Poum-tchak. Poum-tchack. Retour au fun avec "Les figures imposées" (signé Cocoon). C'est pop, très eighties. On pense à Daho. "Dans tes rêves" (signé Scrima) est de nouveau une boutade anti-folk. Julien s'adresse encore au showbiz, mais cette fois de manière plus ambiguë. D'un côté il avoue jubiler de pouvoir dorénavant faire ami ami avec les artistes qu'il adore, de l'autre il enrage de devoir se farcir les has been qui en veulent à sa côte de nouvelle star. Avec "Pudding morphine" (signé Doré) on retourne à la noirceur et la mélancolie. L'atmosphère est tombale, plombée. Le piano la joue lyrique façon Muse et Julien donne de la voix en mode baryton. Dans une seconde partie le morceau s'irise sous l'effet de nappes de claviers rétro sépulcrales à la Virgin Suicide. C'est complexe, capiteux. "Piano lys" (signé Doré), qui suit, est métamorphosé par rapport à la version piano solo qu'on connaissait. Là, le morceau prend une tournure alambiquée électro nocturne. C'est enivrant comme du Sébastien Tellier.

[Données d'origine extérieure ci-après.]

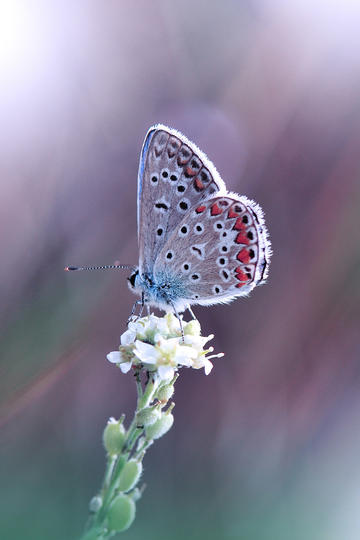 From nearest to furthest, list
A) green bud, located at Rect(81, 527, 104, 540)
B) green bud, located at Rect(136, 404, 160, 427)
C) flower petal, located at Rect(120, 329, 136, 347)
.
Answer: green bud, located at Rect(81, 527, 104, 540)
green bud, located at Rect(136, 404, 160, 427)
flower petal, located at Rect(120, 329, 136, 347)

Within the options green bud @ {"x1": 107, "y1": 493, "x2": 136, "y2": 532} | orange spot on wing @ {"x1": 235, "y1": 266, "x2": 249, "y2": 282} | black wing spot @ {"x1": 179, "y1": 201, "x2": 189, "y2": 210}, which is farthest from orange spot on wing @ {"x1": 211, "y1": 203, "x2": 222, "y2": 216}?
green bud @ {"x1": 107, "y1": 493, "x2": 136, "y2": 532}

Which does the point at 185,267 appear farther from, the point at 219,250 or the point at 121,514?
the point at 121,514

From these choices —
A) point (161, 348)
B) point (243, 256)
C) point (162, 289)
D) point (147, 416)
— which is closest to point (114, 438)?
point (147, 416)

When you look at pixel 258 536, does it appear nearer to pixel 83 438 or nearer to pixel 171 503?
pixel 171 503

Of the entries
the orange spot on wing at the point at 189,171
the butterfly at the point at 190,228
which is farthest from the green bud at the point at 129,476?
the orange spot on wing at the point at 189,171

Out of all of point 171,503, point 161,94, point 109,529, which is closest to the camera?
point 109,529

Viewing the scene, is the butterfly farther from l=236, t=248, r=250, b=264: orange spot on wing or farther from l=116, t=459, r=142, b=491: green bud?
l=116, t=459, r=142, b=491: green bud

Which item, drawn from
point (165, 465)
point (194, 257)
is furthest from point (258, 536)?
point (194, 257) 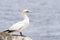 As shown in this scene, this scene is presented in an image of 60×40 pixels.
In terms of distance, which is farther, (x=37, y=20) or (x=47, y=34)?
(x=37, y=20)

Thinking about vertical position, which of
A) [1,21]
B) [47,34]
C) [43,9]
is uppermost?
[43,9]

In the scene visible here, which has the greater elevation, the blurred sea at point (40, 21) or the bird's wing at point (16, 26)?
the blurred sea at point (40, 21)

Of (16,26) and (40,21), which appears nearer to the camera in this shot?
(16,26)

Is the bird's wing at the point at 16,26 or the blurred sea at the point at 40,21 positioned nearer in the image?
the bird's wing at the point at 16,26

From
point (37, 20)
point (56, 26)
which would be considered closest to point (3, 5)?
point (37, 20)

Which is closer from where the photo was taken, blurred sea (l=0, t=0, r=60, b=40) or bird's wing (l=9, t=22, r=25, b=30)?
bird's wing (l=9, t=22, r=25, b=30)

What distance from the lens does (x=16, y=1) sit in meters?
28.0

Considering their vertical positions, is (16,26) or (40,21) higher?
(40,21)

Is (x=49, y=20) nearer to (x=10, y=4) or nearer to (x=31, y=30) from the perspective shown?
(x=31, y=30)

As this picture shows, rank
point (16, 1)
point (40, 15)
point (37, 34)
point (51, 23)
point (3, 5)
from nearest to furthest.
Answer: point (37, 34), point (51, 23), point (40, 15), point (3, 5), point (16, 1)

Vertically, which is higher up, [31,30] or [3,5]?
[3,5]

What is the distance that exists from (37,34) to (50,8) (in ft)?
30.2

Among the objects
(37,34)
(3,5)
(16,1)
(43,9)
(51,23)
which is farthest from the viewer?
(16,1)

"Soirées parisiennes" (signé BABX) s'attaque un nouvelle fois "aux petits soldats du show-bizness". Ça commence à faire beaucoup. Julien risque de passer pour un donneur de leçon. Mais le morceau est cool, bien pop avec ses cuivres jubilatoires et branleurs. Je pense au Daho de "Comme un igloo" et au Dutronc des "Playboys". "J''aime pas" (signé Salo) revient au folk mais se fait chahuter par des ambiances de fêtes foraines ; "First lady" (signé BABX) une pop-song néo-yéyé qui swingue tout cuivres dehors ; "SS in Uruguay" une reprise tout en déconne mambo d'une chanson méconnue de Gainsbourg ; " Los Angeles" (signé Doré) une folk-song aux poches trouées et, bouquet final, "De mots" est un hymne rock bastringue en duo avec Arno. Ce dernier morceau est le seul composé par les Dig Up Elvis, plus précisément par leur guitariste Guillaume de Molina.

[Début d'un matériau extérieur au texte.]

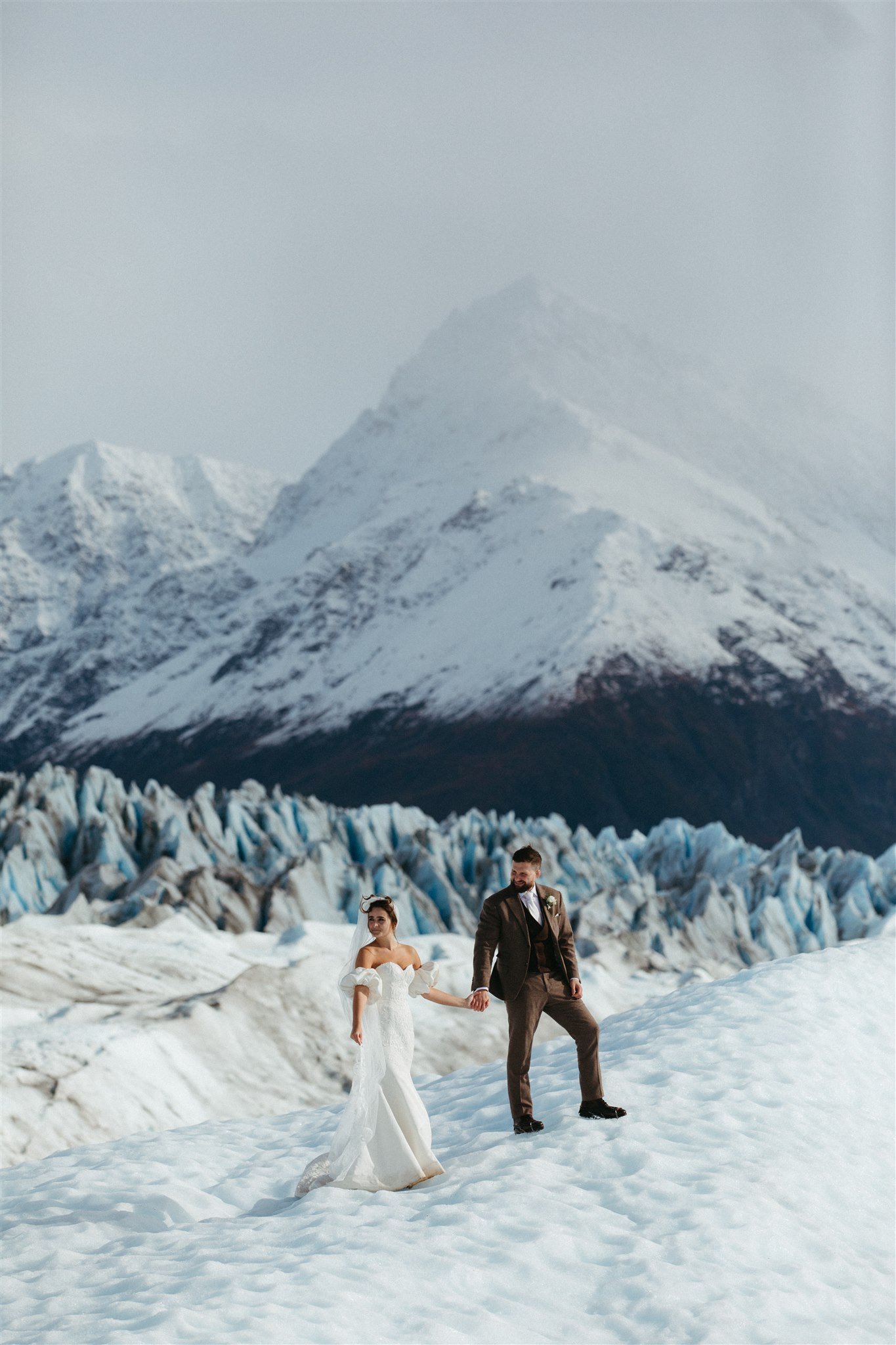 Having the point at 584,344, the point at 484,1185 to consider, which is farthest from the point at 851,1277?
the point at 584,344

Vous l'aurez compris, ce n'est donc pas avec son groupe nîmois que Julien a fait ce disque, mais avec des gâchettes indie rock elles-mêmes infiltrées dans le showbiz. Le but : tenter d'y glisser de la qualité, voire de la subversion. Produit par Renaud Létang, le Monsieur Propre responsable du son de Souchon, Katerine, Feist, Jane Birkin, pour ne citer qu'eux, Ersatz avance donc sous les traits d'une pop-varièt' policée pour refourguer en douce des oeillades critiques et des sentiments plus dark que ce qui se fait d'habitude dans le créneau chanson française. De ce point vu c'est assez réussi, mais le disque a de faux airs d'attaché-case rempli de chansons-gadgets. On ne sait jamais sur quoi on va tomber comme dans la proverbiale boîte de chocolat du film Forrest Gump. Doré ne cesse de courir, de zapper d'un style à l'autre sans prendre le temps de creuser un style, une identité. Sur ce je ne sais trop quoi penser. Ni sur quoi conclure. Si ce n'est qu'il y a ici de belle choses et d'autres irritantes qui nourrissent son côté "tête à claques". Pour s'en faire une juste idée il faudra peut-être réécouter ça des mois après, au calme et à l'abri de la hype.